Speaking to The Washington Post, Reba recalled Jacqueline saying, "If you don't want to go to Nashville, we don't have to do this. But I'm living all my dreams through you." She felt the weight of her mother's words. But instead of fearing it, she embraced it. So much so that Jacqueline's 2020 death almost ended Reba's music career. "I told my little sister Susie ... 'I don't know if I want to sing anymore.' She said, 'Why?' I said, 'Because I always sang for Mama,'" she told Today.
Reba McEntire started working before she was a preschooler
Most children today spend their days either at daycare or being endlessly entertained by caregivers. That wasn't Reba McEntire's reality, though. By the time she was 5, Reba was hard at work on the family ranch. "I didn't play cowgirl growing up. I was one," she said in The Wall Street Journal interview. Day in and day out, the little girl was out in the fields aiding Clark McEntire with whatever needed doing. "If Daddy needed a driver to move grain in his pickup truck, he came in and got whoever was there," she said.
If that happened to be Reba, her father would place her on a giant feed sack so she could see out the windshield. "I'd be on my knees to work the steering wheel. He'd put the truck in granny gear, jump out and off I'd go," she said. The McEntire children knew better than to try to talk their father into letting them play around. "When Daddy would tell you to go park yourself on your horse in a certain gate ... you'd darn sure better park your horse there in that gate," she told The Oklahoman.
It may not have been a typical childhood, but Reba is glad she learned the value of hard work. "Learning to work on a ranch really came over into my career, because when you were told to do something, you did it," she told Garden & Gun in 2020.

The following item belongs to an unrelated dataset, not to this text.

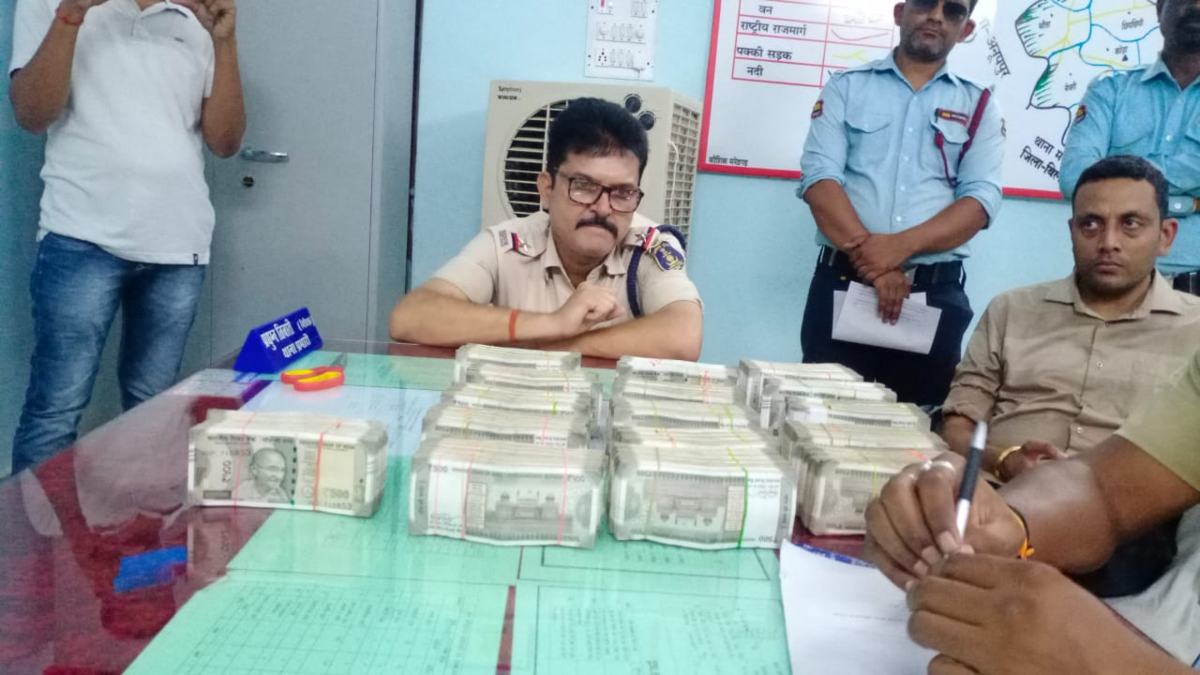 CG BREAKING NEWS : MP से CG कार भरकर आ रहा था कैश… पुलिस ने पकड़ा, पूछताछ जारी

Reba McEntire didn't know how to properly care for her body
Throughout her early years, Reba McEntire spent little time thinking about how to care for her body. She couldn't have given sun damage a second thought or questioned whether her work at the ranch could damage her back. It's not that she didn't care; she just didn't know. "I wasn't always this in tune with my body, and I regret how I abused it while I was growing up," she wrote in her 1999 book, "Comfort from a Country Quilt."
McEntire often spent summer days lounging in the sun with no protection, without a single care in the world. She would also spend long hours on the ranch with no water in sight. She didn't have to wait years to see the consequences of that one. One day, she collapsed without warning while working the cattle alongside her father. "I was standing real close to the fire that kept the branding irons hot. Next thing I knew, my legs went out from under me and I was out. I guess I had heatstroke," she shared in "Reba: My Story."
McEntire also used improper posture to lift large feed sacks and drank too much alcohol in college. But she has learned her lessons. With time, she started to care for her body. It has paid off, but she puts in the effort. "I have to watch what I eat and exercise and cut back," she told People in 2020.